Caption-style text data:
• • • • •

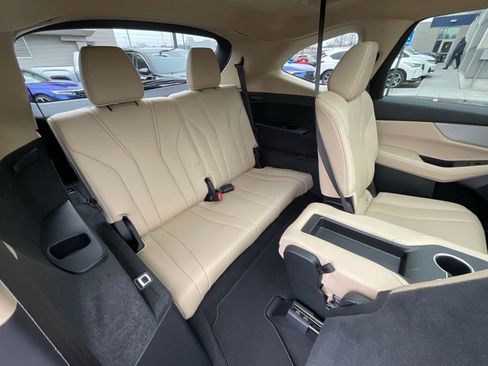 Used 2023 Acura MDX SH-AWD image 23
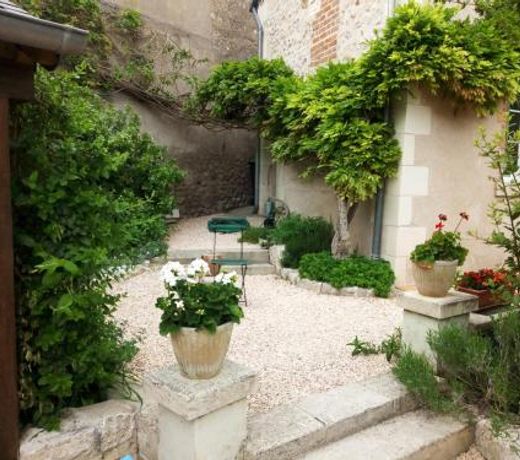 Le Petit Jardin Yoyo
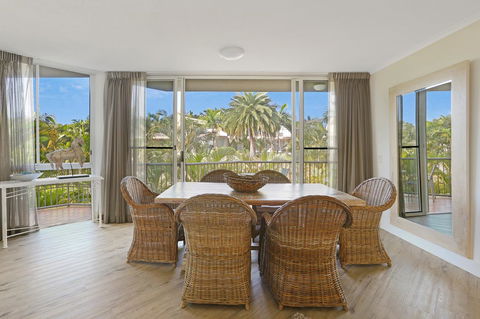 Noosa Tropicana - Hotels Melbourne 43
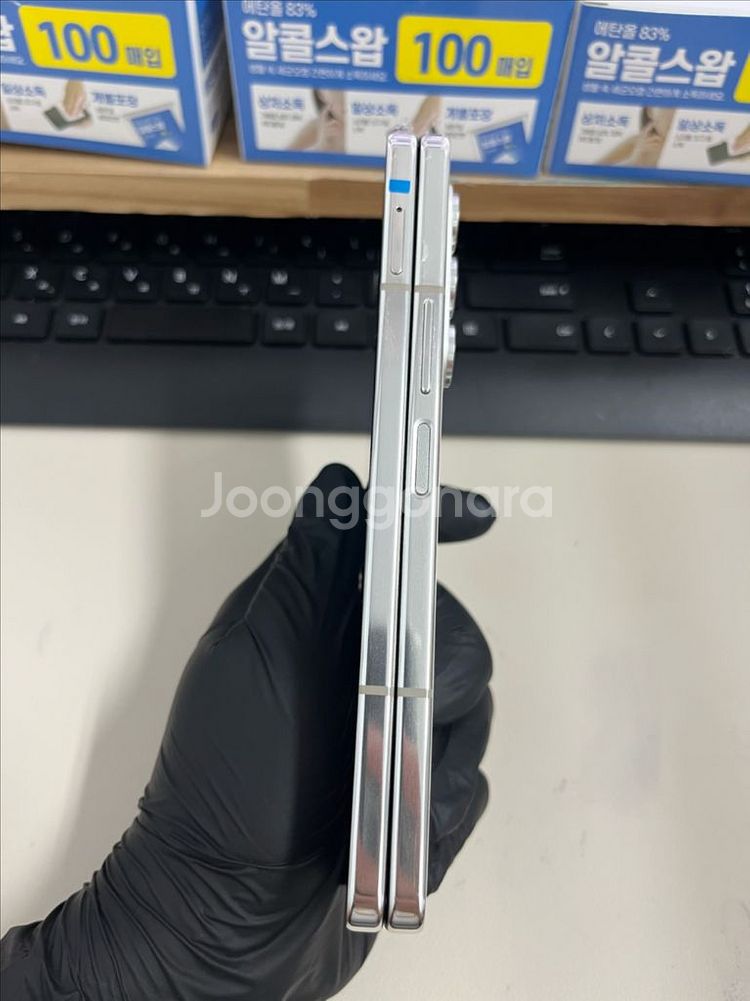 갤럭시Z폴드5 256G 크림 S급!--4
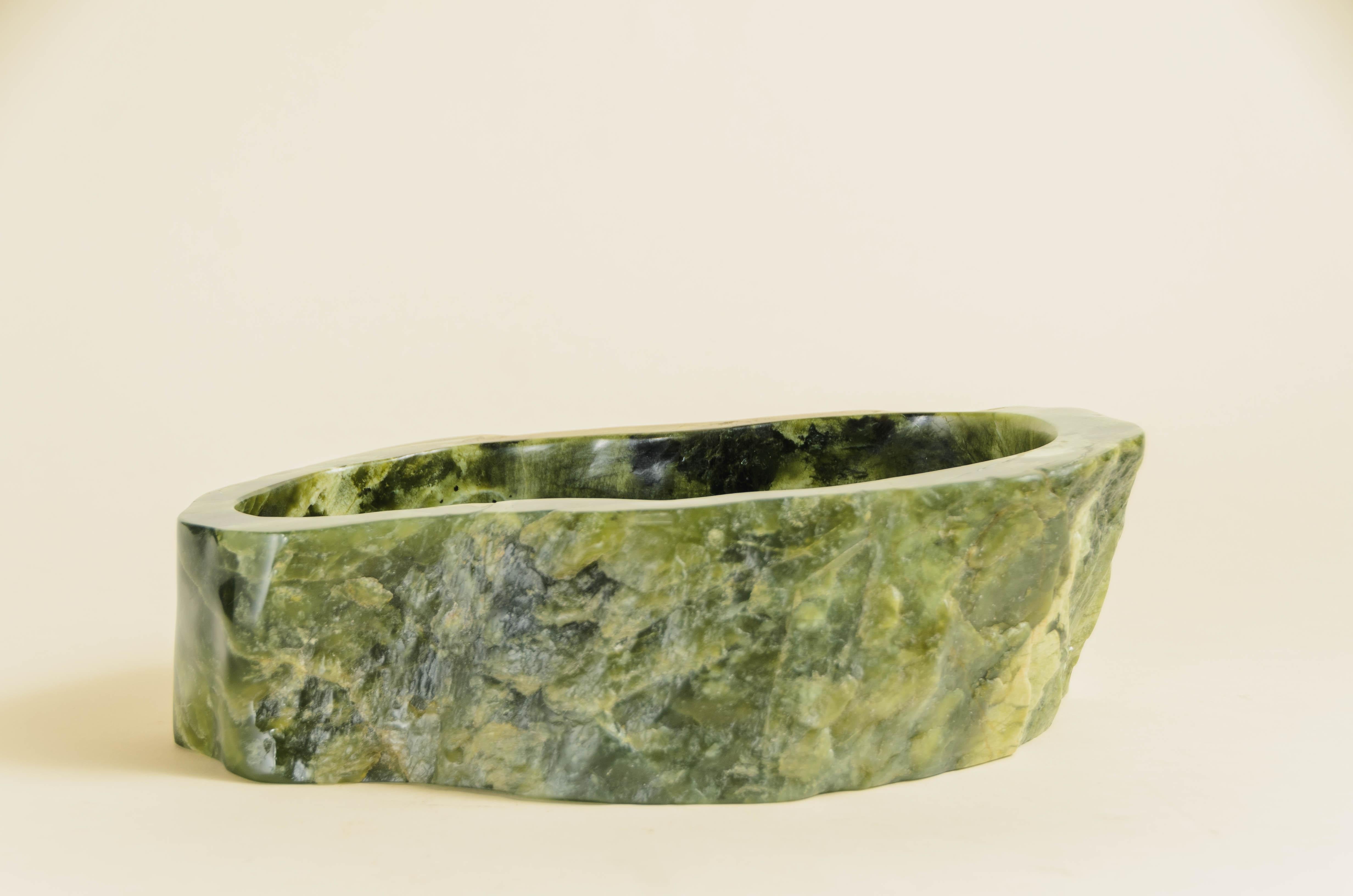 Minimaliste Cache-pot oblongue contemporain en jade néphrite de Robert Kuo, édition limitée en vente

• • • • •

● PROBLEM DESCRIPTION: Exact wording is required throughout: write out all the records, but no pictures.

● RESPONSE AREA:
 Used 2023 Acura MDX SH-AWD image 23
 Le Petit Jardin Yoyo
 Noosa Tropicana - Hotels Melbourne 43
 갤럭시Z폴드5 256G 크림 S급!--4
 Minimaliste Cache-pot oblongue contemporain en jade néphrite de Robert Kuo, édition limitée en vente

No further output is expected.